Lorsqu’il y a quelques mois, nous écrivions dans ces mêmes colonnes que les créations d’emplois aux Etats-Unis dépasseraient les 150 000 par mois à partir du printemps, cela paraissait parfois excessif. Or, après avoir déjà créé 208 000 emplois en mars, puis 290 000 en avril, la job machine américaine en a encore généré 431 000 en mai.
Le problème est que, bien loin de leur pessimisme habituel sur l’emploi outre-Atlantique, les marchés s’étaient mis à rêver d’un chiffre mirobolant de plus de 530 000, voire 600 000 selon une grande banque américaine.
Dès lors, avec une performance de « seulement » 431 000, ils apparaissent déçus et font grise mine. Certes, il est clair que cette performance s’explique en grande partie par les 390 000 créations d’emplois publics, notamment dans le cadre du recensement organisé aux Etats-Unis. Autrement dit, on ne relève que 41 000 créations d’emplois dans le secteur privé en mai, contre 218 000 en avril et 158 000 en mars.

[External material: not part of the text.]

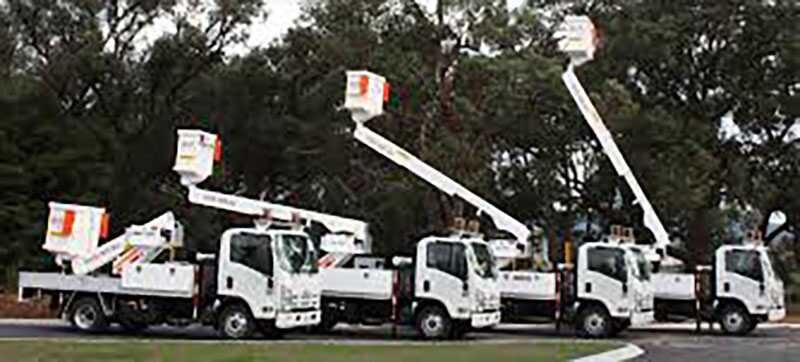 A line of new EWP cherry picker trucks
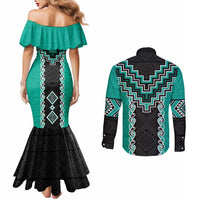 Teal Niho Taniwha Mix Poutama Couples Matching Mermaid Dress and Long Sleeve Button Shirt Unique Taniko Aotearoa LT01 - Polynesian Pride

Pour autant, il faut reconnaître qu’après deux mois de forte vigueur, un ralentissement était inévitable. Cela n’enlève donc rien au net redémarrage du marché du travail américain qui a tout de même créé 982 000 emplois nets depuis le début de l’année 2010. Nous sommes donc très loin de la jobless recovery (c’est-à-dire la reprise sans emploi). Et ce tant dans l’industrie que dans les services qui, au cours des cinq derniers mois, ont créé respectivement 126 000 et 430 000 emplois nets.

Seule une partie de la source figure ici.